In-silico analysis of FASLG gene resistance in Cancer Immunotherapy

Background The FASLG gene in the TNF superfamily binds with the receptor superfamily to induce apoptosis. FAS ligand and receptor interactions lead to a dominant nature in the immune process and control cellular death (apoptosis). The dynamism of the apoptotic-induced FASLG gene controls tumour-infiltrating lymphocytes and suppresses tumour responses called tumour counter-attacks. Intense evidence in the animal model illustrated that the FASLG (CD95L) gene functions govern T-cell revival and tumour exit. The justification of CD95L (CD178) controls tumours and induces inflammation.
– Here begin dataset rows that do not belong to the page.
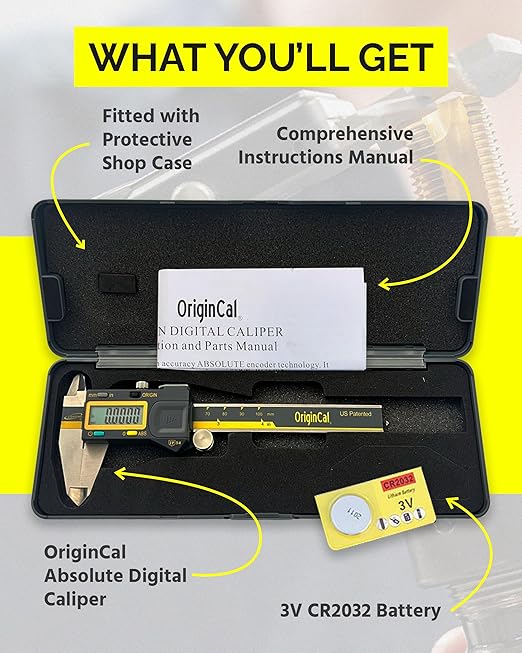 iGAGING Absolute Origin 0-6" Digital Caliper, IP54 Stainless Steel, SPC/USB Output Port, Fraction Reading, Depth Base, Case, Manual, Battery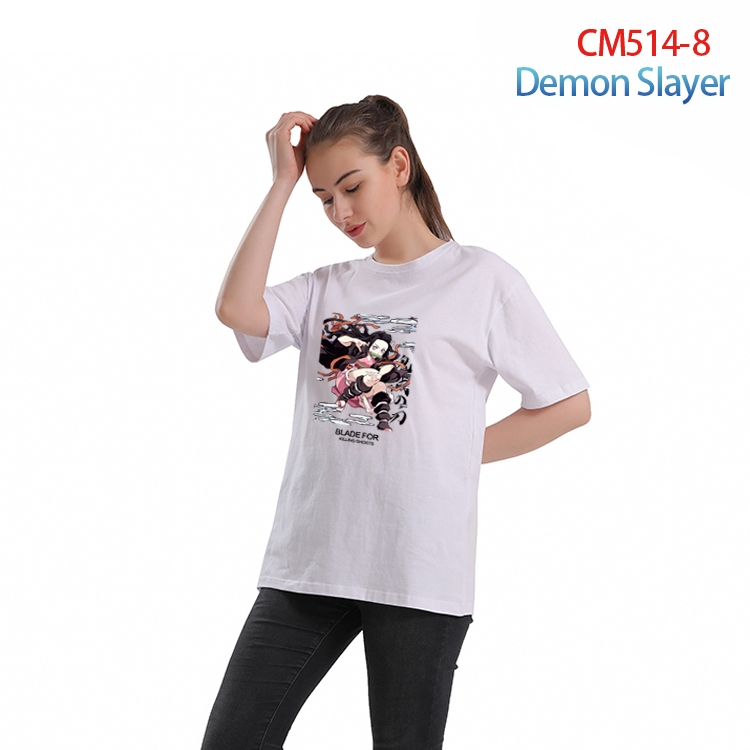 Demon Slayer Kimets Women's Printed short-sleeved cotton T-shirt from XS to 3XL  CM-514-8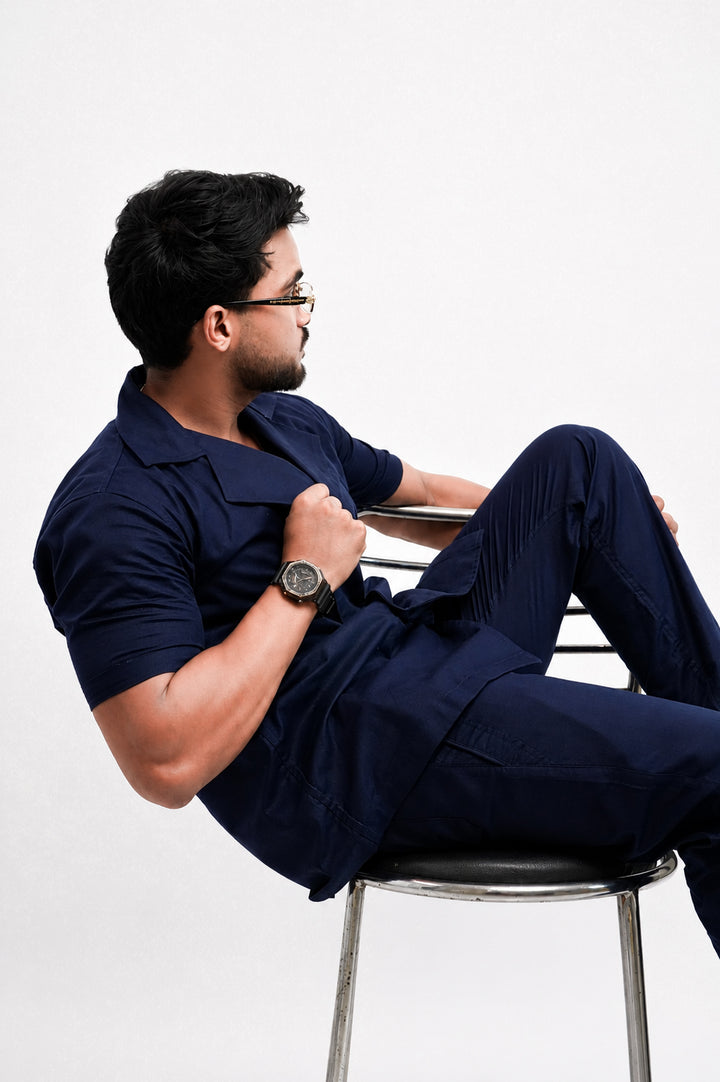 Navy Cotton Linen Coord Set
Those mechanisms forwarded the T-cell back into the tumour context by immune checkpoints restraining tumour growth. Also, the mechanisms suggested that CD178 in tumour cells contributes to immune escape. Objective So, the study proposed an in-silico analysis of the FASLG gene and its TNF family to pursue the molecular immunologic mechanisms linked with cancer and immunity in the model organisms. Hence, the study utilized bioinformatics and computational applications to learn about the TNF domain-mediated genes in two isolated organism’s genome. This application proposed a significant way to study particular genes in the genome. Results A genome-wide observation suggested multiple hits of the TNF domains in the fundamental TNF superfamily in Homo sapiens and Mus musculus . Further observation of the FASLG gene demonstrated the nucleotides, peptides, 3D structure, domain, motifs, phylogeny, gene expression, gene network, chromosome location, and signalling pathway in humans. The study remarked that the FASLG gene and its functional mechanisms are integrated with the immune process. Concluding remarks: The documented data forward the FALSG gene and its molecular mechanisms during T-cell initiation in the tumour microenvironment. Those molecular mechanisms proposed T-cell suppression by immune checkpoints and control of tumour progression via anti-tumour immune response.